しかしその後商船に乗りカナダを経由して1940年、南米ベネズエラに着くとこの国に定住することを決断します。
それまでは航海一辺倒でしたが、ベネズエラに定住した後は南米のジャングルの探索に明け暮れました。
そして1955年、ベネズエラの山岳地帯アウヤンテプイ (Auyan-Tepui) を探検中に川沿いで目撃したのがピグミー・プレシオサウルスです。
(プレシオサウルスの骨格)
(image credit by Wikicommons)
プレシオサウルスといえばネッシーをはじめとするレイク・モンスターの正体としてかつて最もUMA界を賑わせた海生爬虫類です。

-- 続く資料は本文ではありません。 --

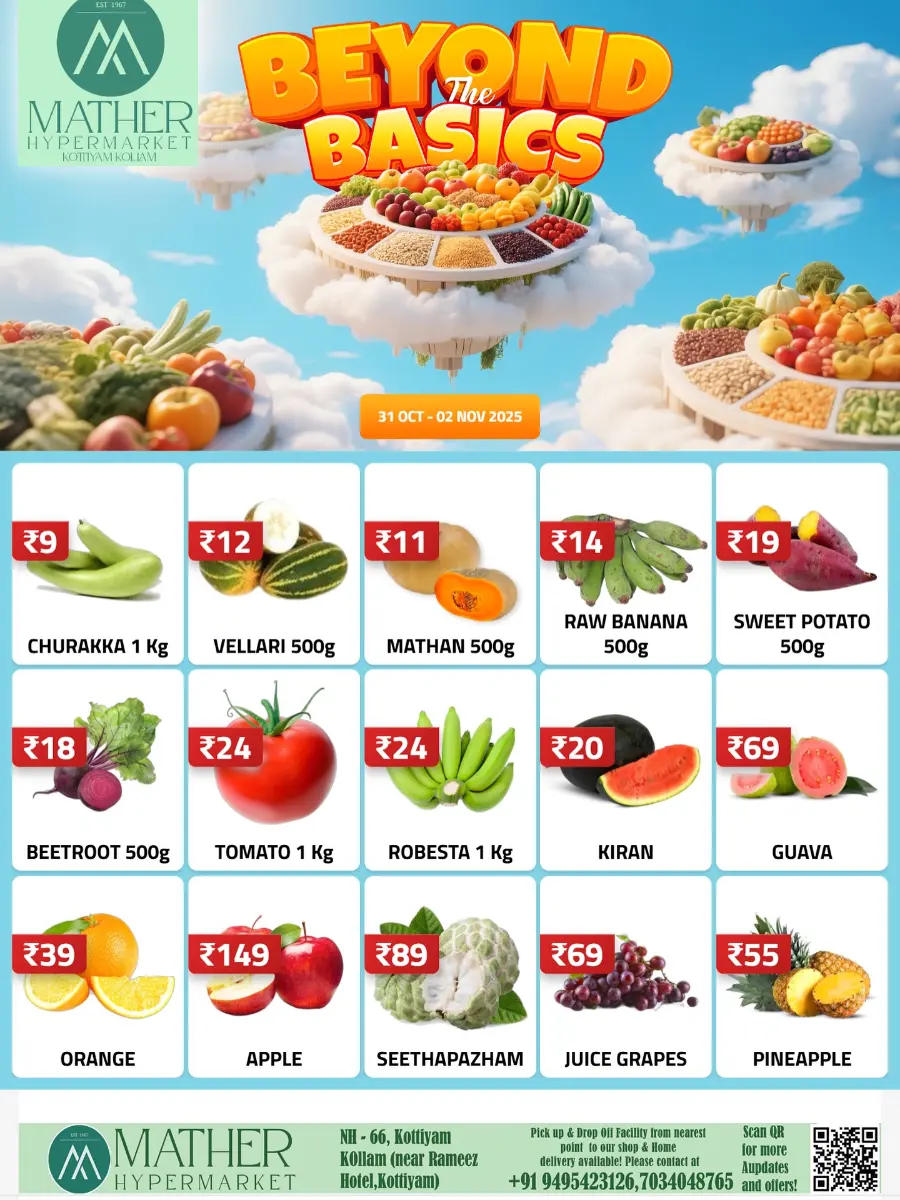 Beyond the basics In Mather Hypermarket Kollam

ライメ氏はこの生物を湖ではなく川、しかも上陸している姿を目撃したのです。
それも一度に3匹もです。
「彼らは川の大きな岩の上で日光浴をしていました。
わたしは初めアザラシかと思ったのですが、近づいてよく見てみるとそれはアザラシではなく、とてつもなく長い首を持つ絶滅した爬虫類のような頭部をしていることに気付きました。
彼らは脚の代わりに4つのヒレを持っていました」
情報はたったこれしかありません、山岳部の川で目撃された水陸両用の小さなプレシオサウルス。

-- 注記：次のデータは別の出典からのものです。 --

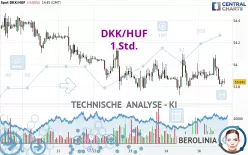 DKK/HUF - 1 Std.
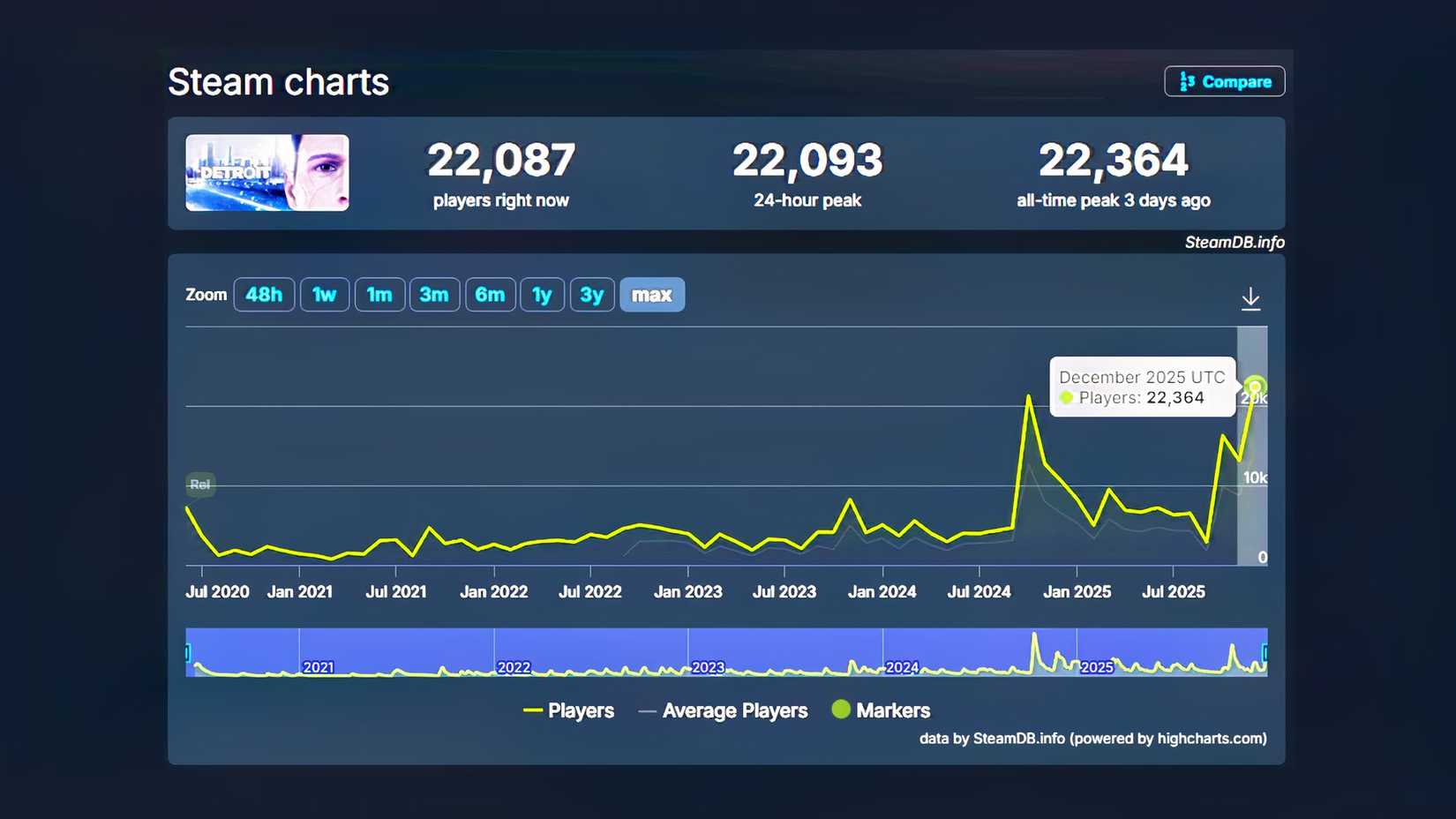 detroit-become-human-steamdb-concurrent-player-count-chart-game-rant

あまり、というか全然聞いたことのないジャンルのUMAです。
大きさの言及がないですが、アザラシと思ったということなのでまあ1.5~2メートルぐらいと考えてみましょう。
もうひとつの条件は四肢がヒレ、もしくは四肢に水かきがついてヒレ状であり、陸上でも活動可能な生物ということになります。
既知生物の誤認であればライメ氏が最初に見間違えたと思った鰭脚類、そうでなければカメ、スッポン、オオトカゲ等の爬虫類が候補ではないでしょうか。
ただ鰭脚類が遡上するにはあまりに内陸過ぎますし、三頭がまとまってというのも少し厳しいかもしれません。
(オオヨコクビガメ)
(image credit by Wikicommons)
やはり既知種であれば体型的にも水棲・半水棲の爬虫類の方が都合がよく、南米最大のカメ、最大で甲長1メートルの個体が確認されているオオヨコクビガメ (Podocnemis expansa) が筆頭候補です。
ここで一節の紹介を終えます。